YIPPEE, A BIRTHDAY FOR MARY ANN!!

Well, LITTLESTAR, YOU DESERVE JUST THE BEST EVER ON THIS VERY SPECIAL DAY THAT ONLY COMES ONCE A YEAR!!!

SO, SQUEAKS AND I ARE FLYING OVER TO HELP YOU CELEBRATE AND HOPE YOU HAVE THE

*MOST WONDERFUL BIRTHDAY !! YOU DESERVE THE GREATEST !!*

*WITH LOVE AND HUGS*

SHI & MR. SQUEAKS


----------



## Lovebirds (Sep 6, 2002)

Happy Birthday girl..................Hope it's a good one.  
I'll join Terry in saying thanks for all you do. You've been a God send to 911,.........you know the deal.


----------



## Reti (Jul 20, 2003)

HAPPY BIRTHDAY MARY ANN

Thank you for all the hard work you do to help our birds.

Reti & Simon


----------



## Pidgey (May 20, 2005)

HAPPY BIRD-THDAY, MARY ANN!!!

Pidgey


----------



## Skyeking (Jan 17, 2003)

Happy Birthday Mary Ann !!  


I hope you have a wonderful day!


----------



## Whitefeather (Sep 2, 2002)

Wishing you the *HAPPIEST* of *BIRTHDAYS* Mary Ann.  

Cindy


----------



## flitsnowzoom (Mar 20, 2007)

*Happy BDay!!*

Mary Ann
Have a super duper birthday! 
and many, many more to come! ​
Thanks for all that you do!

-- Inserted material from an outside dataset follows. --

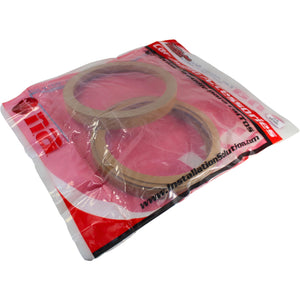 8" MDF Wood Speaker Spacer Rings Pair with Bezel Design AP-RING-8BZ for Installation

No one deserves a great day more than you.


----------



## Victor (Dec 18, 2004)

Gee Mary Ann! 

How do you find the time to fit a birthday in for yourself, with all that you do for hundreds of people!? 

Well, you have yourself a grand bird-day (I mean birthday) today, OK?


----------



## Maggie-NC (Jun 22, 2005)

Mary Ann, I'm so glad you moved to North Carolina. Thank you for all that you do for birds. You're a fine lady.

HAVE A WONDERFUL BIRTHDAY


----------



## Lin Hansen (Jan 9, 2004)

Mary Ann,

Best wishes for a simply wonderful birthday!

Linda


----------



## pigeonpoo (Sep 16, 2005)

Sue


----------



## littlestar (May 11, 2005)

Thank y'all so much for the wonderful birthday wishes and saying such nice things. I'm sitting here reading what y'all wrote and brough such happy tears to my eye's. I'm so happy to be a part of this board with very wonderful people. This is the best birthday ever and it's thanks to y'all that made it the best. I think the best birthday present my family could and does give me is love and support in what I do in helping what I can and it means the world to me. Hopefully they got me my chocolate birthday cake with yellow roses on it.

Terry, I know Irene let the cat out of bag on ST LOL. She didn't tell anyone, but her's was the 17th of August. 

Renee, I'll see you on 911 even though it's my birthday LOL.

Mary, Hopefully there will be many many more, to many birds out there that might need my help.

Victor, I'll take 5 to celebrate my birthday LOL. It's been actually quiet here today no phone calls or emails except for the email I sent out or the calls I've made, I think everyone knows it's my birthday and decide to give me a break today.


----------



## Larry_Cologne (Jul 6, 2004)

Hope you had, or are still having a very happy birthday, Mary Ann!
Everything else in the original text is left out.